Les limites de l’étude
« Notre étude a plusieurs limites. L’association d’une diminution de la survie avec les traitements thérapeutiques à l’hydroxychloroquine ou à la chloroquine doit être interprétée avec prudence. En raison de la conception de l’étude observationnelle, nous ne pouvons pas exclure la possibilité de facteurs de confusion non mesurés. Nous avons cependant noté, de manière rassurante, la cohérence entre l’analyse primaire et les analyses appariées du score de tendance. Néanmoins, une relation de cause à effet entre la pharmacothérapie et la survie ne doit pas être inférée. Ces données ne peuvent pas non plus s’appliquer à l’utilisation de tout schéma thérapeutique prodigué en ambulatoire et en dehors de l’hôpital. Des essais cliniques randomisés seront nécessaires avant de pouvoir tirer des conclusions sur les avantages ou les inconvénients de ces médicaments chez les patients atteints de COVID-19. »

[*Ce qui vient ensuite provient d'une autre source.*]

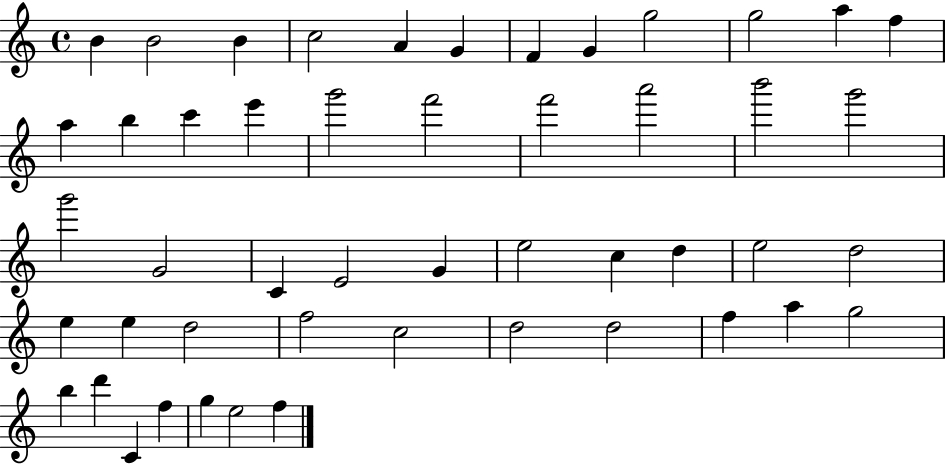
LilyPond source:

{
  \clef treble
  \time 4/4
  \defaultTimeSignature
  \key c \major
  b'4 b'2 b'4 | c''2 a'4 g'4 | f'4 g'4 g''2 | g''2 a''4 f''4 | \break a''4 b''4 c'''4 e'''4 | g'''2 f'''2 | f'''2 a'''2 | b'''2 g'''2 | \break g'''2 g'2 | c'4 e'2 g'4 | e''2 c''4 d''4 | e''2 d''2 | \break e''4 e''4 d''2 | f''2 c''2 | d''2 d''2 | f''4 a''4 g''2 | \break b''4 d'''4 c'4 f''4 | g''4 e''2 f''4 | \bar "|."
} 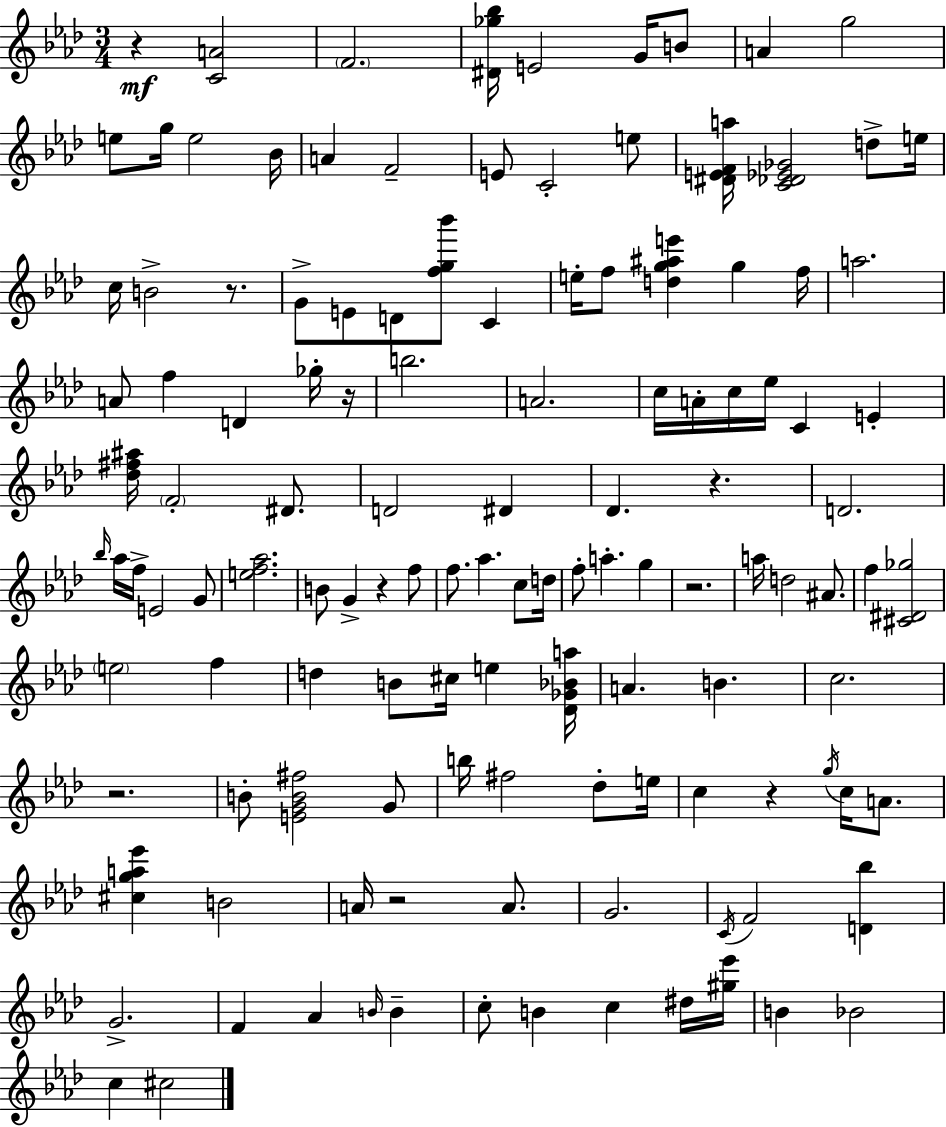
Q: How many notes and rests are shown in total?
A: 126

« Il convient également de noter que, nous avons bien évalué la relation entre les schémas thérapeutiques et la survenue d’arythmies ventriculaires. Cependant, nous n’avons pas mesuré les intervalles QT, ni stratifié le schéma d’arythmie (comme la torsade de pointes). Nous n’avons pas non plus établi si l’association d’un risque accru de décès à l’hôpital avec l’utilisation des schémas thérapeutiques est directement liée à leur risque cardiovasculaire. Ni effectué une analyse dose-réponse médicamenteuse des risques observés. Même si ces limites suggèrent une interprétation prudente des résultats, nous pensons que l’absence de tout avantage observé pourrait toujours représenter une explication raisonnable. »
La conclusion
Si vous lisez bien entre les lignes, cela laisse quand même pantois. Voici maintenu la conclusion de l’article :
« En résumé, cette étude multinationale, observationnelle se place dans le monde réel de patients atteints de COVID-19 nécessitant une hospitalisation. Elle a révélé que l’utilisation d’un traitement à base d’hydroxychloroquine ou de chloroquine (avec ou sans macrolide) n’était associé à aucune preuve de bénéfice. Nous avons aussi noté une augmentation du risque d’arythmies ventriculaires et un risque accru de décès à l’hôpital avec COVID-19. Ces résultats suggèrent que ces schémas thérapeutiques ne devraient pas être utilisés en dehors des essais cliniques. Une confirmation urgente par des essais cliniques randomisés est nécessaire. »
Une étude inutile
Le changement de ton entre les deux paragraphes est saisissant. Le premier admet que l’étude est un simple jeu statistique, car aucune expérience n’a été réalisée. Il avoue, honnêtement, que plein de chose auraient dû être faites et que l’on s’est bien gardé de les faire. C’est le deuxième paragraphe qui choque, compte tenu du fait que la base clinique et thérapeutique est très faible. Tout à la fin, on apprend aussi qui a fait quoi. Ainsi, il y avait deux concepteurs et superviseurs de l’étude Mehra et Patel. C’est Mehra qui a rédigé le papier. Desai a assuré seul la collecte des données et leur analyse statistique.
Quant à Ruschitzka, il n’a rien fait du tout et s’est contenté d’encaisser du pognon. Car, dans ce quatuor, c’est lui le plus titré (P = 469, C = 28 255 et h = 61). On peut donc raisonnablement penser que l’on a utilisé son nom pour passer le barrage éditorial de la revue. Regardez bien l’image qui illustre cette chronique. J’y ai mis l’impressionnant tableau de chasse industriel de ce chercheur Suisse. En trente ans de recherche, ce monsieur a visiblement mangé à toutes les gamelles pharmaceutiques.
Que dire de plus, sinon qu’un sérieux ménage s’impose dans les revues médicales. Le mieux serait un désabonnement massif des médecins qui payent cher pour lire ce genre d’inepties. Car, avec plus de 12 000 revues, ce n’est pas le choix qui manque.